YOUR ASSIGNMENT: Below is a listing to repeat exactly, with its pictures left out.

EXTRACTED INFORMATION:

Start of Block

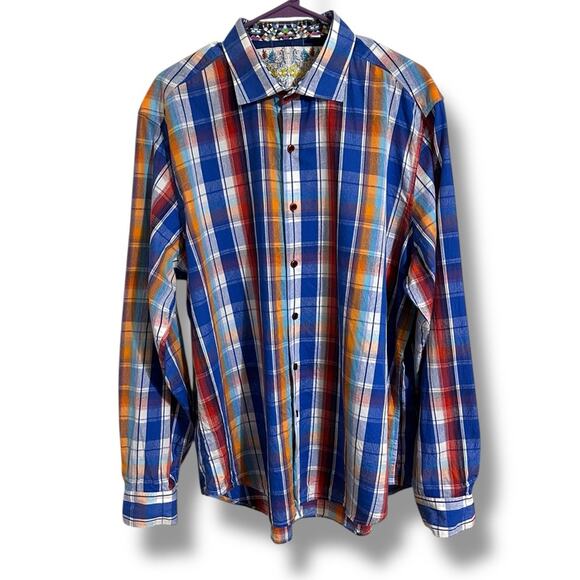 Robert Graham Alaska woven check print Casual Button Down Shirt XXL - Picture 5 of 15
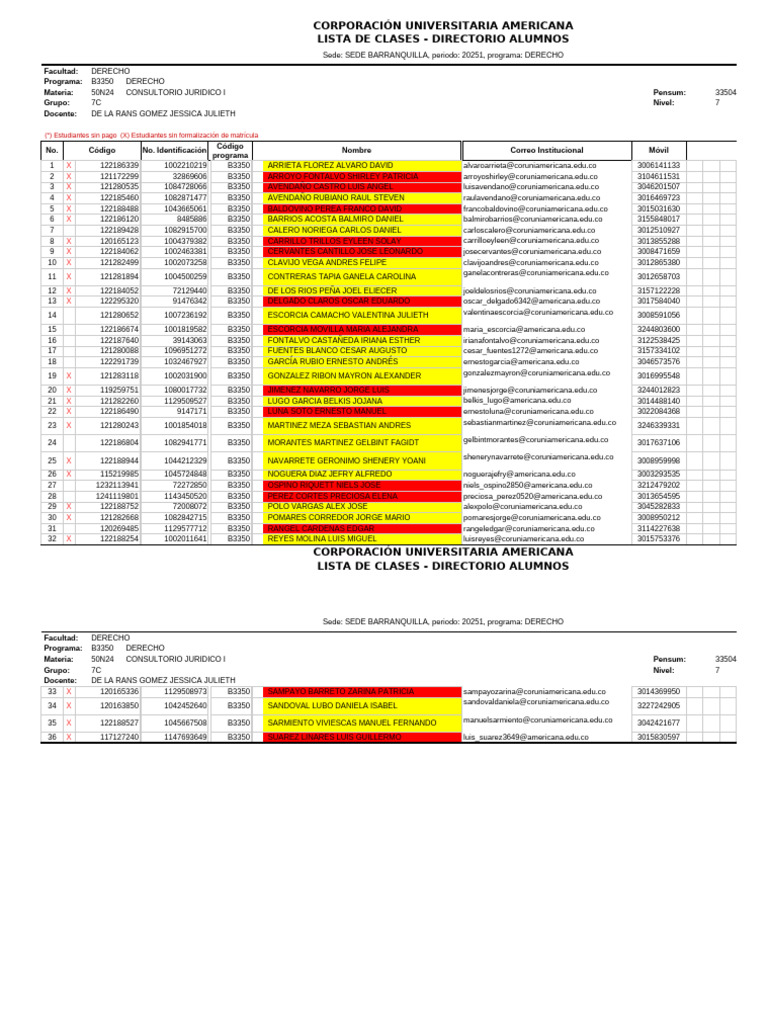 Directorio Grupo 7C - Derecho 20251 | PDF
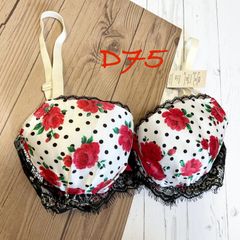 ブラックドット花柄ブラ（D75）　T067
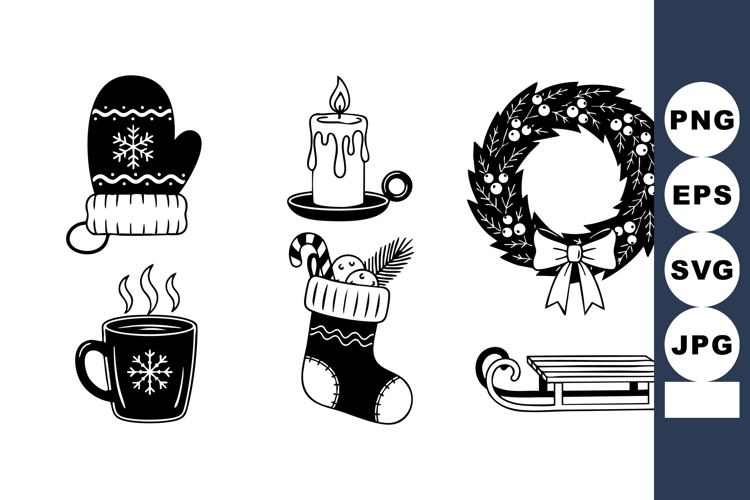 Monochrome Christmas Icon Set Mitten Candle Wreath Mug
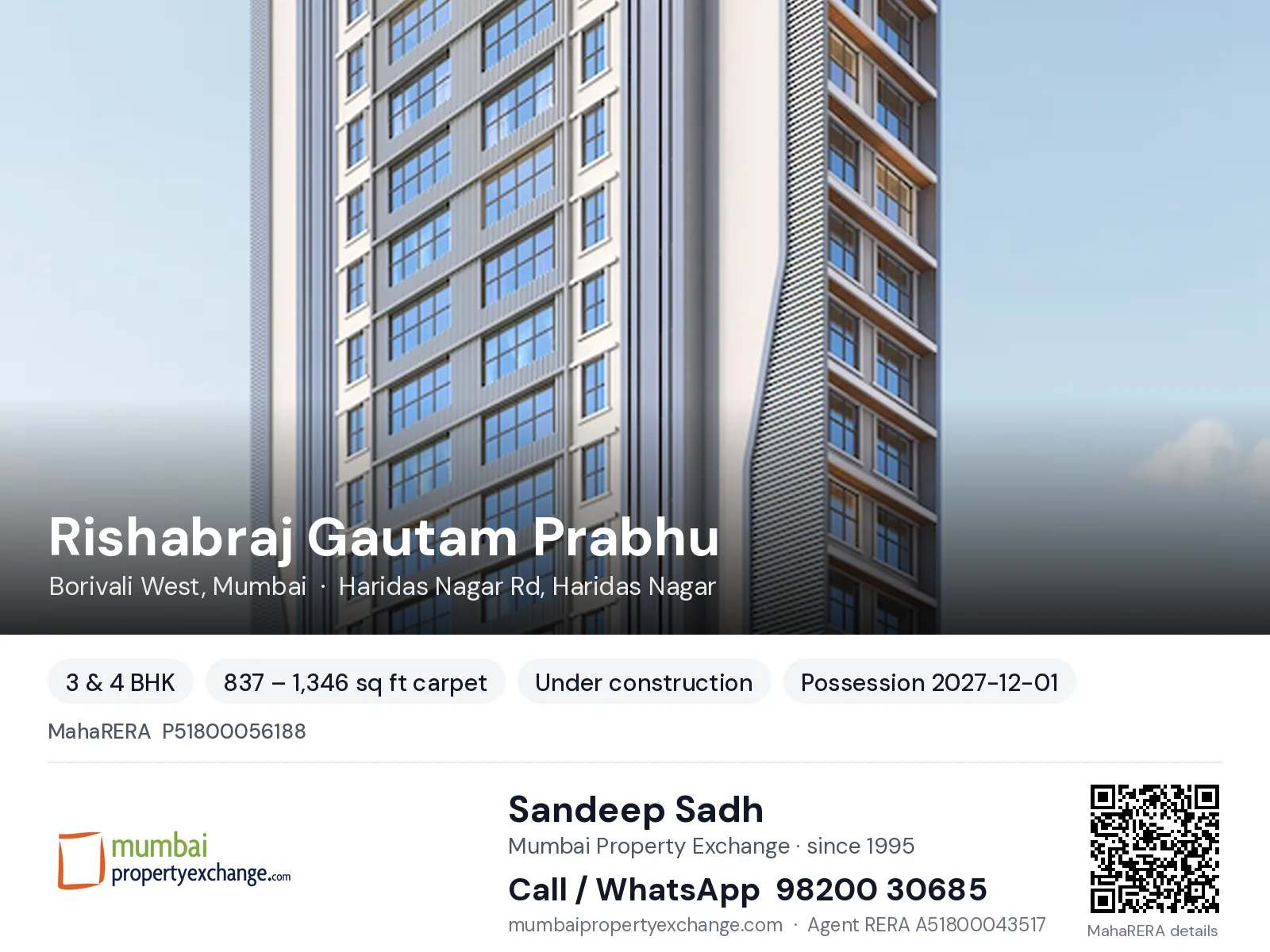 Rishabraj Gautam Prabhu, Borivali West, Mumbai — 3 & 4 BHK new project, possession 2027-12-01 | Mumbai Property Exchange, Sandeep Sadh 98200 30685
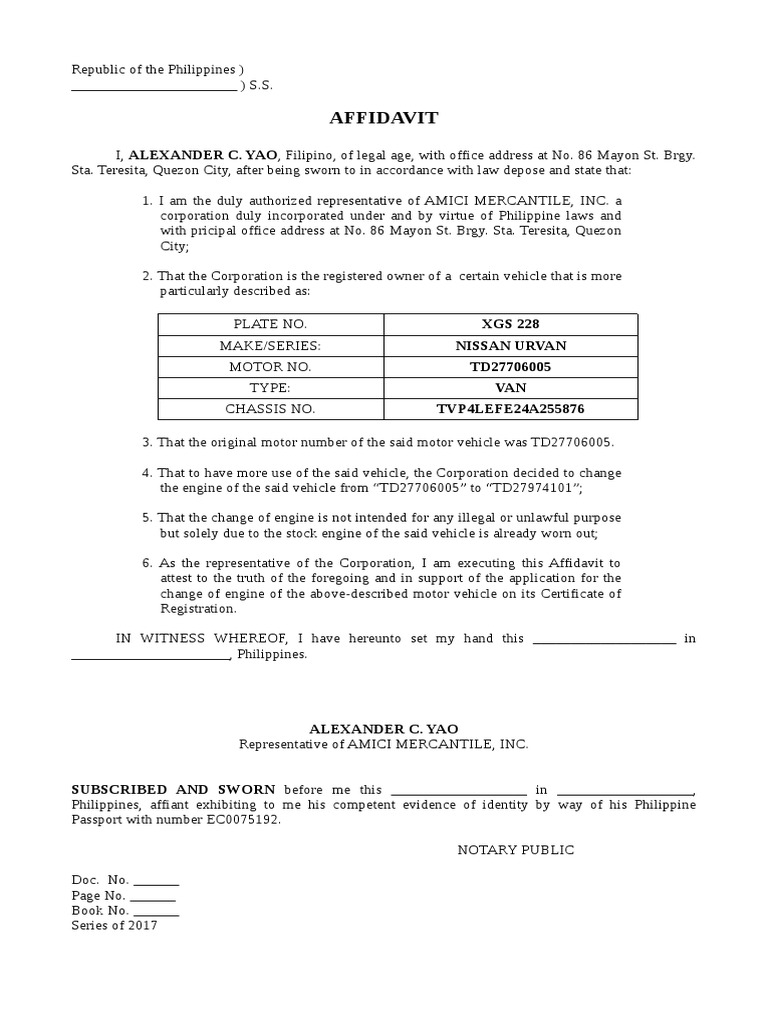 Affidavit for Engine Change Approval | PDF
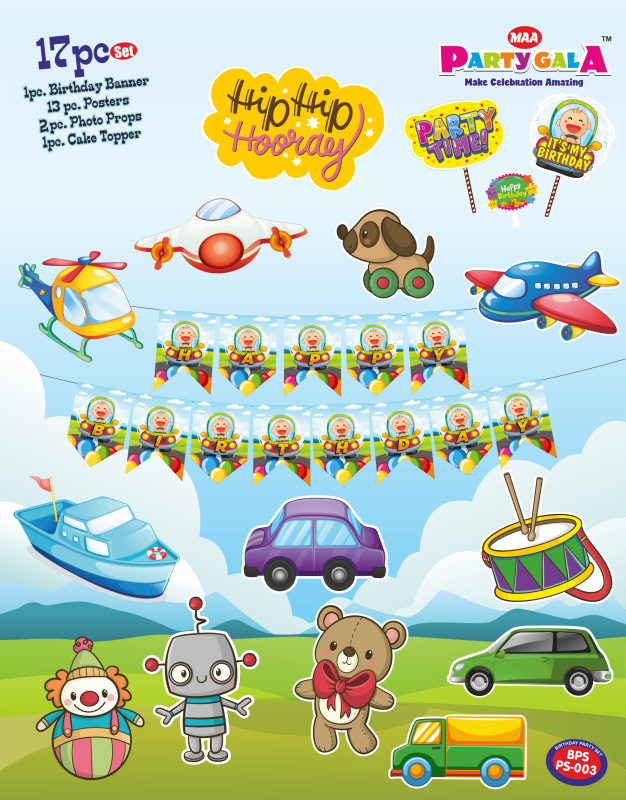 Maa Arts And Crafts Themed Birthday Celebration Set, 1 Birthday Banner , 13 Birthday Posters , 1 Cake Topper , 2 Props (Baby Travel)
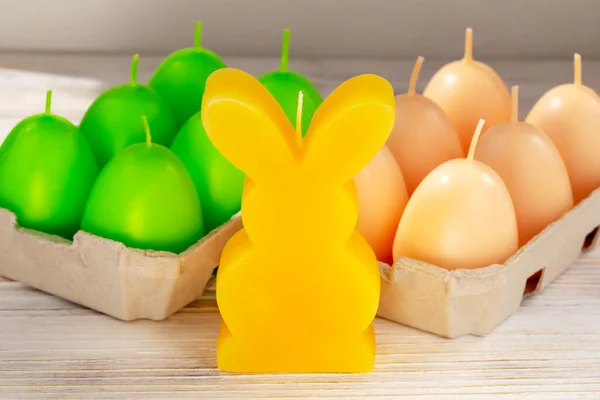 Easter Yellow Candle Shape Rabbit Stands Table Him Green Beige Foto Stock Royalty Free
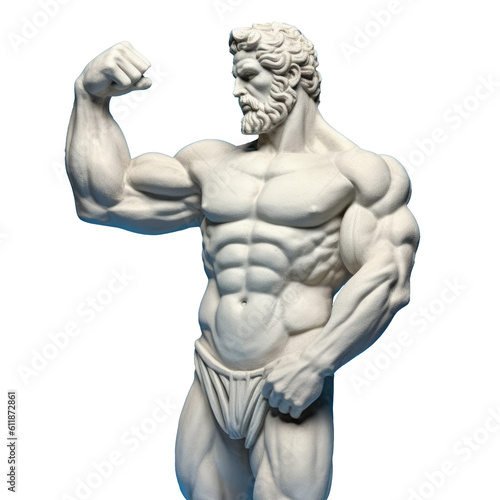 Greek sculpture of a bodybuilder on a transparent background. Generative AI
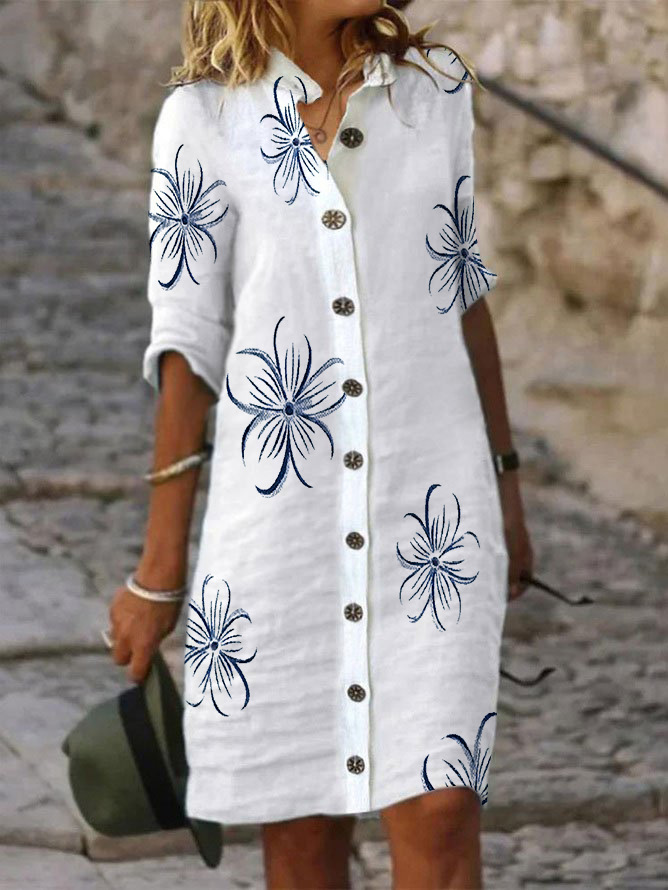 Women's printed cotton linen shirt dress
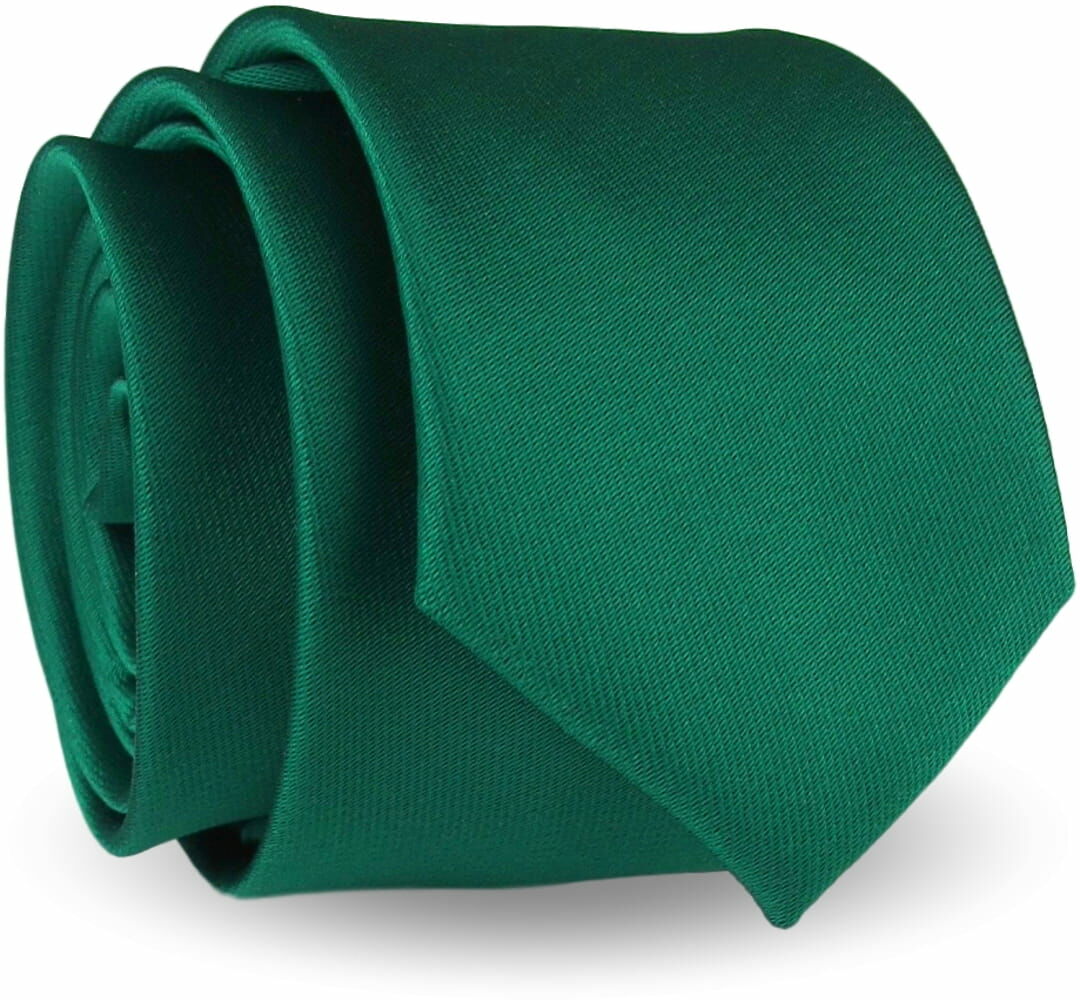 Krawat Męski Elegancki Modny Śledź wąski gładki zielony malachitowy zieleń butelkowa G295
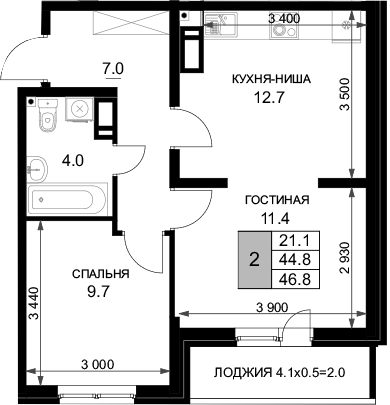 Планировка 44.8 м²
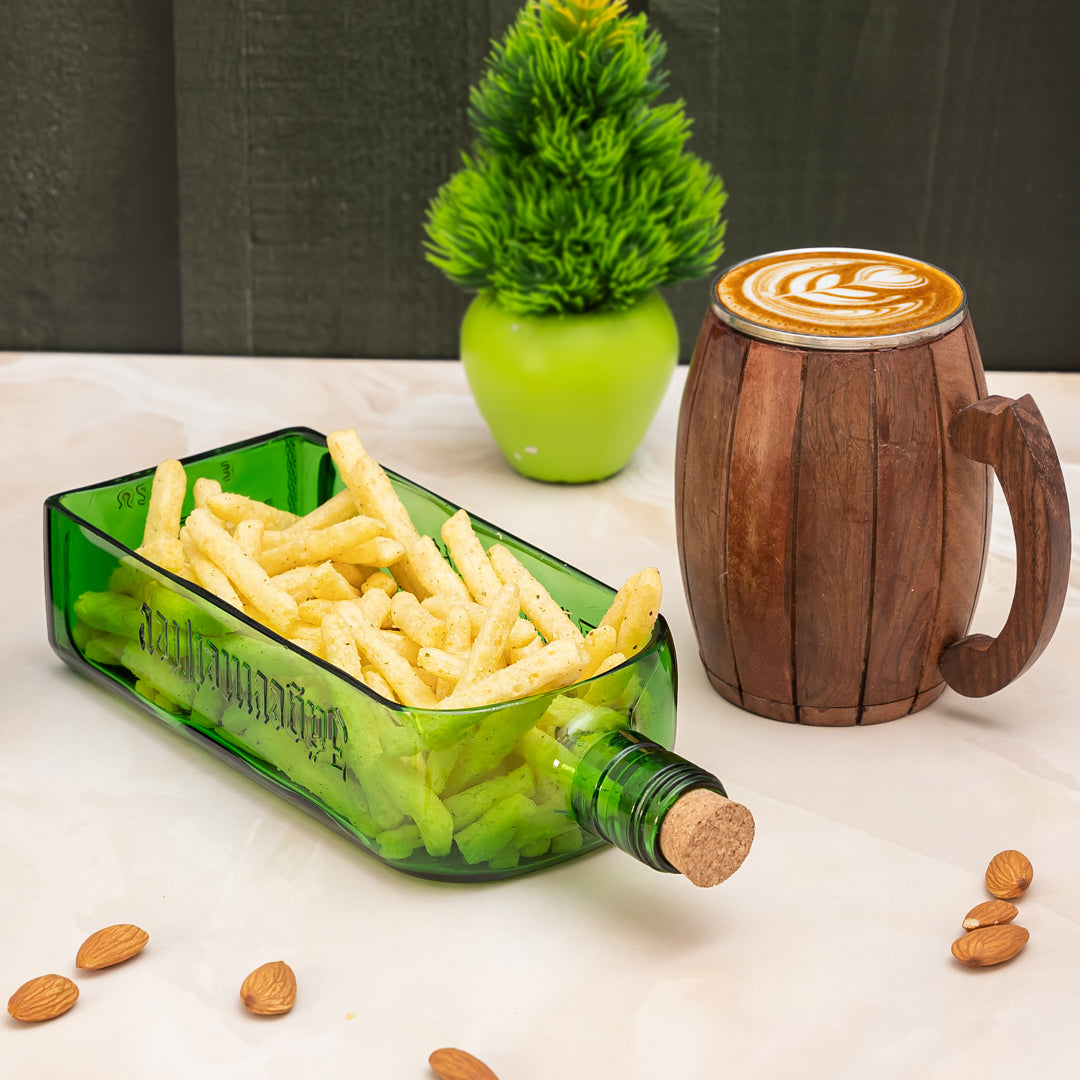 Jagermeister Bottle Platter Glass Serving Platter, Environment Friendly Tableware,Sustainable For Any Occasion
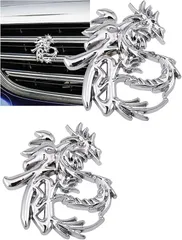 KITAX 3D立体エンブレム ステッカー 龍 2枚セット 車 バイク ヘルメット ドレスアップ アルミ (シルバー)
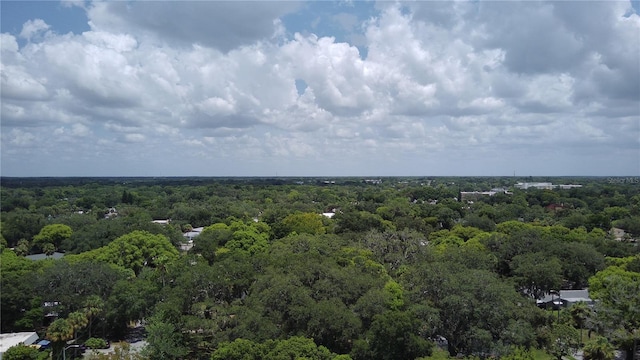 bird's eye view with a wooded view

End of Block

RESULT:
 Robert Graham Alaska woven check print Casual Button Down Shirt XXL - Picture 5 of 15
 Directorio Grupo 7C - Derecho 20251 | PDF
 ブラックドット花柄ブラ（D75）　T067
 Monochrome Christmas Icon Set Mitten Candle Wreath Mug
 Rishabraj Gautam Prabhu, Borivali West, Mumbai — 3 & 4 BHK new project, possession 2027-12-01 | Mumbai Property Exchange, Sandeep Sadh 98200 30685
 Affidavit for Engine Change Approval | PDF
 Maa Arts And Crafts Themed Birthday Celebration Set, 1 Birthday Banner , 13 Birthday Posters , 1 Cake Topper , 2 Props (Baby Travel)
 Easter Yellow Candle Shape Rabbit Stands Table Him Green Beige Foto Stock Royalty Free
 Greek sculpture of a bodybuilder on a transparent background. Generative AI
 Women's printed cotton linen shirt dress
 Krawat Męski Elegancki Modny Śledź wąski gładki zielony malachitowy zieleń butelkowa G295
 Планировка 44.8 м²
 Jagermeister Bottle Platter Glass Serving Platter, Environment Friendly Tableware,Sustainable For Any Occasion
 KITAX 3D立体エンブレム ステッカー 龍 2枚セット 車 バイク ヘルメット ドレスアップ アルミ (シルバー)
 bird's eye view with a wooded view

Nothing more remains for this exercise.